As has been widely reported, the High Court on 3 November 2016 handed down its judgment on the question of whether, as a matter of constitutional law, HM Government is entitled to trigger Article 50 of the Lisbon Treaty by virtue of the Royal Prerogative or whether it needs to obtain Parliamentary approval before doing so.
Despite the usual media hysteria, for constitutional lawyers, and certainly for anyone who had read the pleadings and arguments of each side before the hearing and/or followed the hearing itself, this was very much the anticipated decision. The Court was clearly very sceptical of the arguments advanced by the Attorney General on behalf of the Secretary of State.

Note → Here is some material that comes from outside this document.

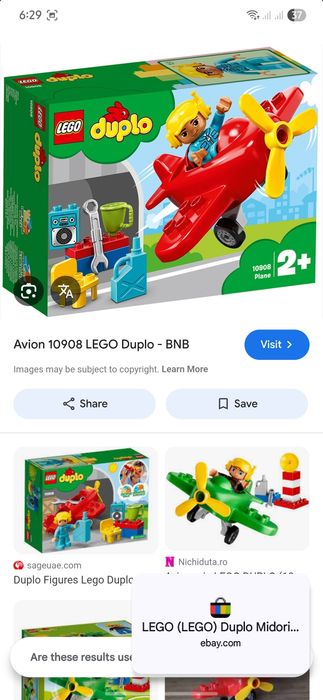 Lego duplo avionul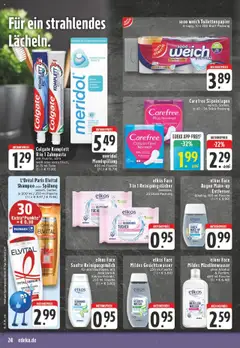 Edeka prospekt Titz	 - gültig ab dem 15.06.2025 | Seite: 24 | Produkte: Toner, Shampoo, Mizellenwasser, Wasser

The Government has said it will appeal the decision, which, as previously arranged, will be heard by the Supreme Court in early December. Unless the Secretary of State can find a more convincing legal basis to oppose the action, it would be surprising if the Supreme Court comes to a very different conclusion.
While that may therefore mean that it would be technically possible for Parliament to withhold consent to the triggering of Article 50, whether that is politically likely may prove to be a very different matter.
The current legal wrangle is certainly interesting for students of constitutional law, not least as a case study of the interplay between the executive, the legislature and the judiciary in the famously unwritten British constitution. Ultimately, however, it is unclear whether the litigation will have any practical impact on the course of the Brexit negotiations (except potentially to delay them) or the terms of settlement.
As ever, it is really about the politics, not the legals.